La renommée de la compagnie Cheek by Jowl n’est pas usurpée, elle qui, pour ce Macbeth, a distingué l’essentiel de l’accessoire : aucun décor, aucun objet. Fi des dagues, poignards, lettres, diamant ou autres coupes. Les costumes sont eux aussi réduits au plus simple appareil : pour les hommes, des tenues de style militaire noires; pour Lady Macbeth, une robe noire, pour Lady Macduff, un tailleur noir.
Mais aussi des murs noirs, un sol noir, et à cour et à jardin, de hauts lambris noirs, couleur du deuil, du mal, et de l’âme des damnés. Derrière ces planches s’allumeront parfois des lumières aux teintes de feu, comme pour rappeler l’enfer dans lequel les personnages sont pris au piège. Dans une société d’ultra haute technologie et d’abondance, Declan Donnellan a pris le parti de resserrer l’attention sur le principal : le texte, et son interprétation. Entendre du Shakespeare en langue originale, déclamé avec force et vigueur, offre un plaisir sans égal ! La prédiction des sorcières dans la brume, glaçante, vaut son pesant d’or. Les Français intellectualisent le jeu, mais les Britanniques jouent avec leurs tripes, d’où une interprétation d’une force exceptionnelle : le couple machiavélique, dévoré d’ambition, est aussi torturé que passionné. Macbeth n’est pas tranquille, lui qui « a tué le sommeil ». Littéralement dévoré par l’angoisse et le remords, l’usurpateur est rattrapé par le mal et se livre à un bain de sang. Seul Banquo, cet homme qui n’est pas « né d’une femme », mettra fin à sa folie barbare en le tuant. Lady Macbeth, d’abord séductrice et instigatrice du crime, forte et déterminée, sombre dans la folie puis la mort. L’excellence du jeu s’appuie sur des partis pris de mise en scène originaux. C’est Duncan qui porte des lunettes noires comme un aveugle, et qui ne verra clair dans le jeu de Macbeth qu’une fois assassiné, réapparaissant sous forme de spectre. C’est l’ensemble des comédiens qui seront présents sur scène tout au long du spectacle, dans l’ombre et immobiles, témoins invisibles des crimes les plus crapuleux, incarnation de la mauvaise conscience ou des démons intérieurs qui rongent les assassins. Mais, à l’occasion d’un banquet, ils sont le violon et le tambour qui accompagnent les chants et les danses. C’est la portière dans sa loge qui accueille Macduff, fardée comme une voiture volée, habillée très court et de rose fuchsia, des bijoux breloques en veux-tu en voilà, vulgaire, buvant de la bière, aguicheuse, mais pas bien méchante. Un clin d’œil so british. Car ce Macbeth est aussi une ode à la jeunesse et au Royaume-Uni : certains comédiens interprétant les barons frappent par leur très jeune âge, visible à leur visage adolescent et leur coiffure branchée. Et lorsqu’en chœur, ils crient pour célébrer leur nouveau roi et le soulever dans les airs, ils sont les supporters de la Manchester United.

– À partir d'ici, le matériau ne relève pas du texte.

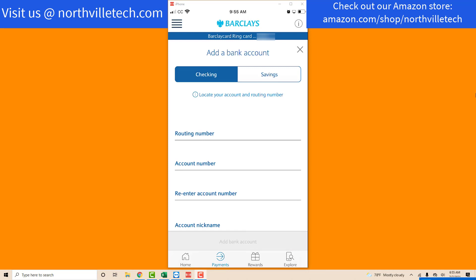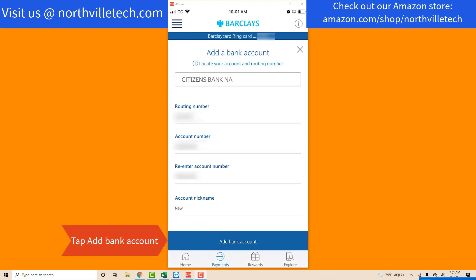On this screen, you need to enter your banking details. Go ahead and enter your routing number and account number. You also need to enter an account nickname. Once you have entered your banking details, tap on Add Bank Account at the bottom.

En Angleterre, on ne se lasse pas de jouer Shakespeare. On peut le comprendre : ce beau spectacle de Declan Donnellan nous montre que l’on peut être révolutionnaire avec de l’ancien, captivant avec une économie de moyens. Une démarche qui donne à réfléchir.
Barbara Petit
Jusqu’ au 21 février au théâtre des Gémeaux de Sceaux. Et de février à mai à Berlin, Lyon, La Haye, Londres, Luxembourg, Milan, Brighton,et Lille.